An anonymous reader writes "The association of German magazine publishers has sent a letter to Steve Jobs (Google translation; German original here) demanding talks about censorship by Apple. The move draws attention to growing concerns about freedom of the press when a single unelected commercial entity has worldwide control over what gets published for the iPhone and, especially, the iPad." While the magazine publishers may rightly be concerned about private control of a platform that many of them are counting on for their long-term salvation, the German state is at the very least ambivalent about the subject of censorship. This is the country that has banned Wikileaks, sought a ban on violent games, and voted to censor child porn (only to have the president kill the ban as unconstituitonal).

2 of 197 comments (clear)

  1. Re:It's Called A Browser by Anonymous Coward · · Score: 0, Troll

    Just, for the love of god, don't build it in Flash! ;-)
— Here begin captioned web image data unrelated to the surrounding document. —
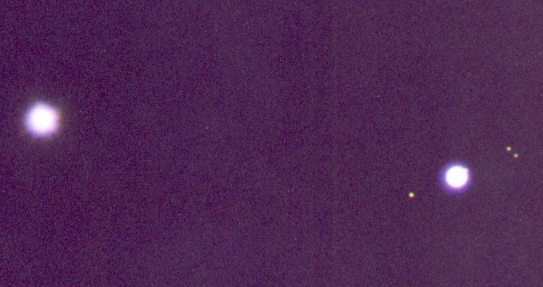 Venus, Jupiter, and its moons together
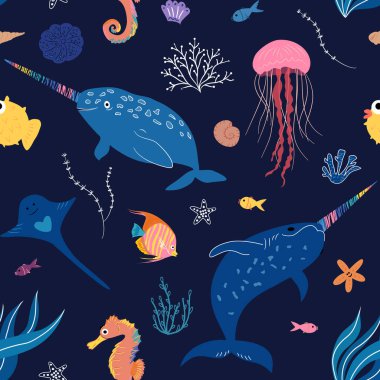 Colorful seamless vector pattern with narwhals, jellyfish, seahorses, tropical fish, shells and corals on dark background, perfect for kids textiles, wrapping paper, wallpapers, and summer designs.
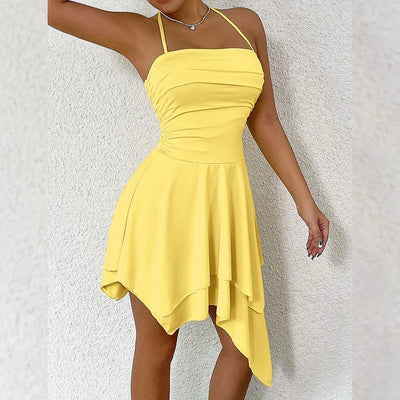 2025 New Women's Summer Dress Fashion High Waist Slim Irregular Short Dress Female Sexy Backless Suspender Halter Mini Dresses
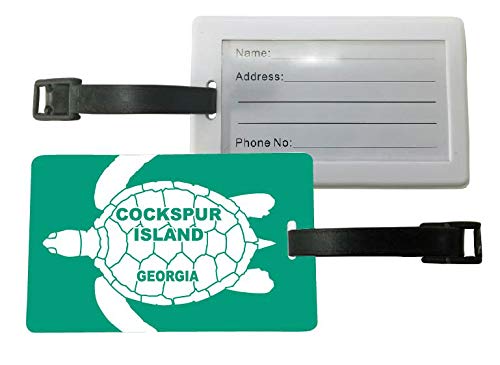 Georgia Turtle Design Souvenir Travel Luggage Tags (2-Pack) - Perfect for Vacation, Cruise & Beach Trips - Cockspur Island Inspired Gift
    I think that's implied when he says "Build a *better* website".

  2. Re:The internet by frdmfghtr · · Score: 1, Troll

    I'd like to posit that Apple doesn't have complete control over what content is available for the iPhone/iPad, because it has a web browser.

    And even if Apple did have complete control of what is available on the iPhone/iPad, who cares? Does freedom of speech require me to let you publish whatever you want on my webpage, or my billboard, or on my TV/radio show? Is the iPad your one and only source of media?
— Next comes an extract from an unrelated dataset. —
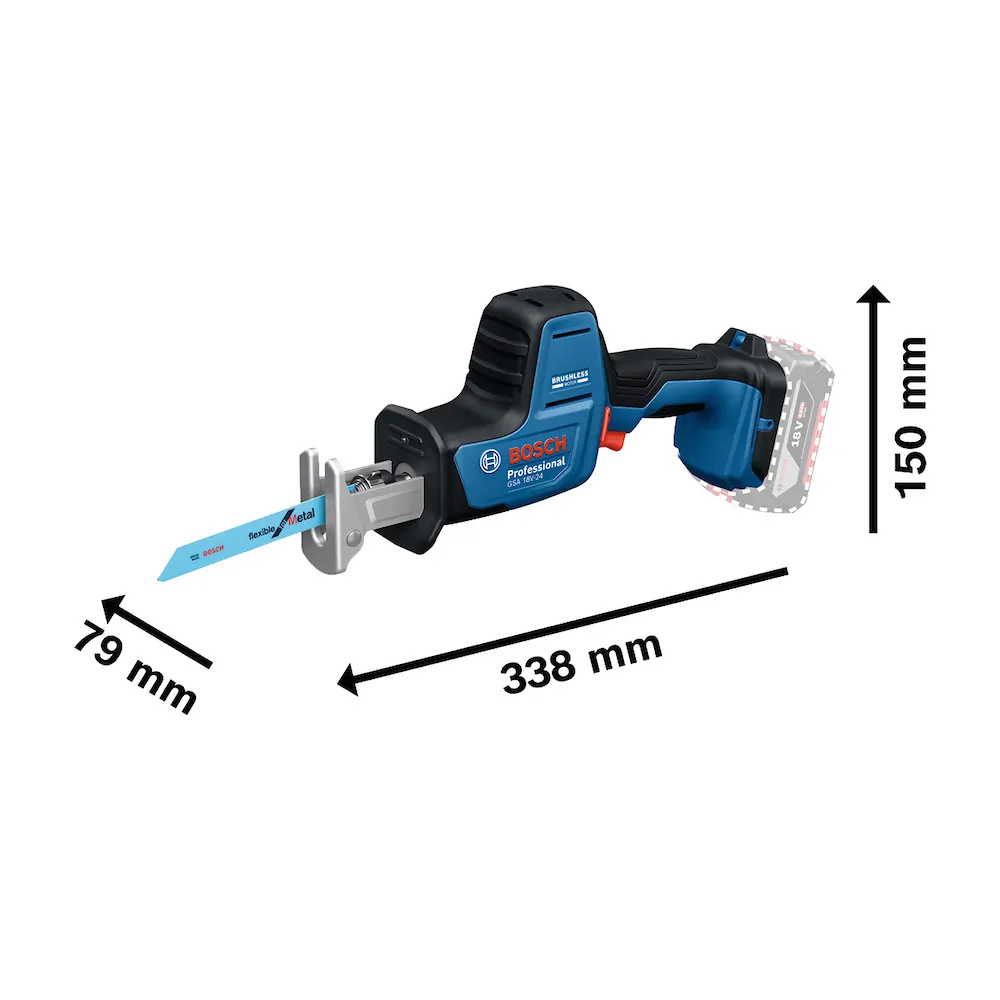 Serra Sabre GSA 18V-24 18V BRUSHLESS s/ Bateria e Carregador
    To all these questions, there is but one answer: No. You have other options. There is the web, as you pointed out. There are books. There is broadcast TV or radio. Build and market your own e-reader. You can say what you want, publish what you want, but that doesn't obligate anybody particular entity to distribute it.

    --
    Government's idea of a balanced budget: take money from the right pocket to balance...oh who am I kidding?